[lbo-talk] The closing of American academia

Wojtek S wsoko52 at gmail.com
Tue Aug 21 04:38:31 PDT 2012


http://www.aljazeera.com/indepth/opinion/2012/08/2012820102749246453.html

In most professions, salaries below the poverty line would be cause for alarm. In academia, they are treated as a source of gratitude. Volunteerism is par for the course - literally. Teaching is touted as a "calling", with compensation an afterthought. One American research university offers its PhD students a salary of $1000 per semester for the "opportunity" to design and teach a course for undergraduates, who are each paying about $50,000 in tuition. The university calls this position "Senior Teaching Assistant" because paying an instructor so far below minimum wage is probably illegal.

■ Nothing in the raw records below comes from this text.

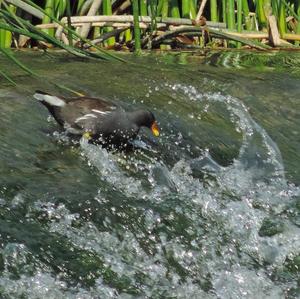 Common Moorhen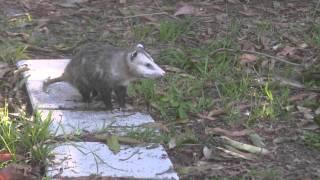 Possums mating in South Florida back yard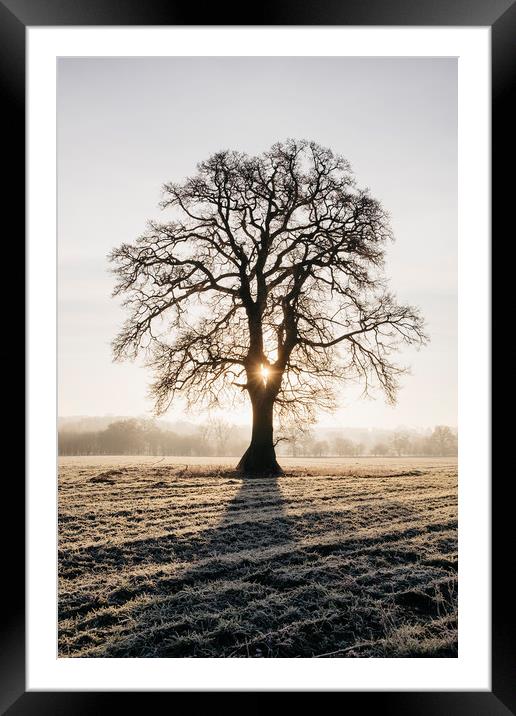 Sunrise behind a tree on a frosty morning. Norfolk Framed Mounted Print by Liam Grant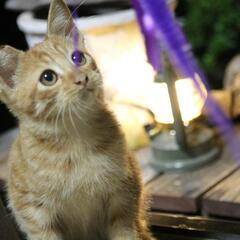 大人気、茶トラ4ヶ月オス🐱❤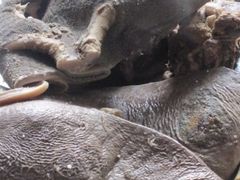 -老字号良记牛腩档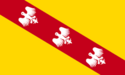 Flag of Touloisie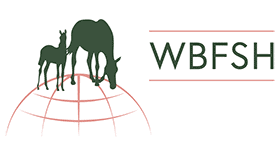 WBFSH – World Breeding Federation of Sport Horses Logo Vector's thumbnail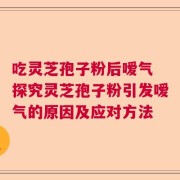 吃灵芝孢子粉后嗳气 探究灵芝孢子粉引发嗳气的原因及应对方法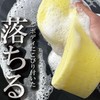Industrial Acid Car Shampoo Pollen or 黄砂 Falling Down, Bird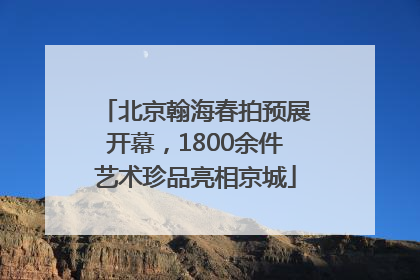 北京翰海春拍预展开幕，1800余件艺术珍品亮相京城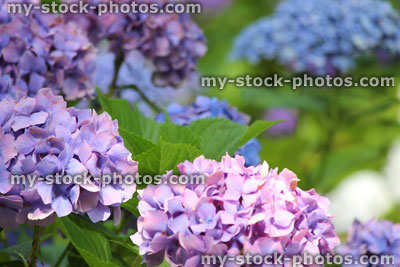 Stock image of pink / white / lilac flowers, mophead hydrangea bush, garden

In addition to teaching, academics conduct research and publish, but they are not paid for this work either. Instead, all proceeds go to for-profit academic publishers, who block academic articles from the public through exorbitant download and subscription fees, making millions for themselves in the process. If authors want to make their research public, they have to pay the publisher an average of $3000 per article. Without an institutional affiliation, an academic cannot access scholarly research without paying, even for articles written by the scholar itself.

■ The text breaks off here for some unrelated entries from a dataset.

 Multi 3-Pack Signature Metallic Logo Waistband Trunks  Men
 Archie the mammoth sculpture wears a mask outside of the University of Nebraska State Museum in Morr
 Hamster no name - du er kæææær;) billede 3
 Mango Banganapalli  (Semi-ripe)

It may be hard to summon sympathy for people who walk willingly into such working conditions. "Bart, don't make fun of grad students," Marge told her son on an oft-quoted episode of The Simpsons. "They just made a terrible life choice."

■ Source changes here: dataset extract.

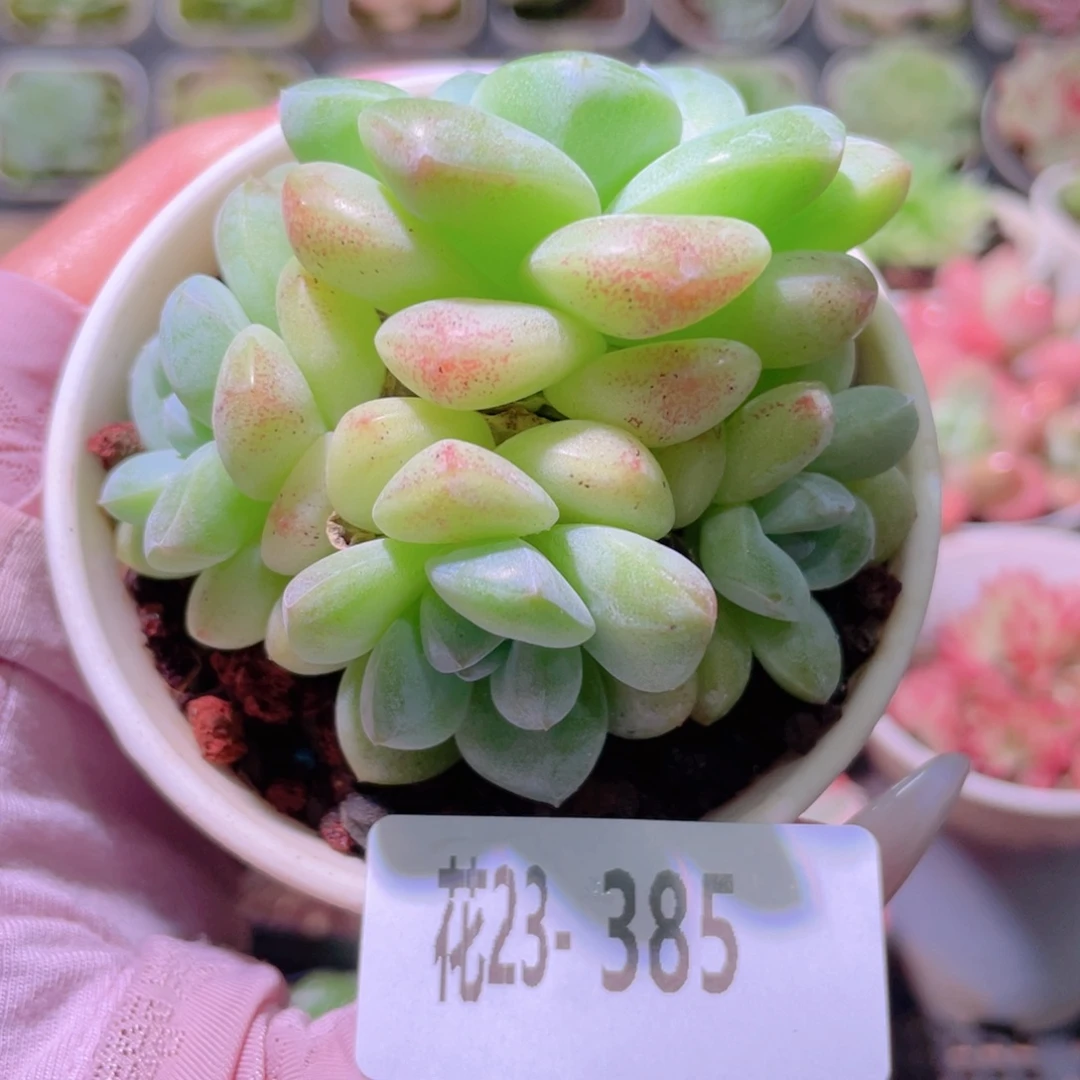 花利美23-385冰玉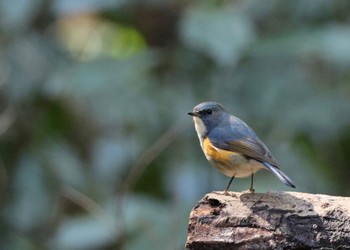 Red-flanked Bluetail 四季の森公園(横浜市緑区) Sat, 3/9/2024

[WS:] On the top of it, the process of getting an academic job is like a beauty contest - those without inside connections need not apply.

This makes one wonder why so many people (including myself) are still attracted to this job market? Is it because it is a consequence of the brainwashing touting academic work as a "calling" as she claims? Or is it because the alternatives suck even more?

-- Wojtek

"An anarchist is a neoliberal without money."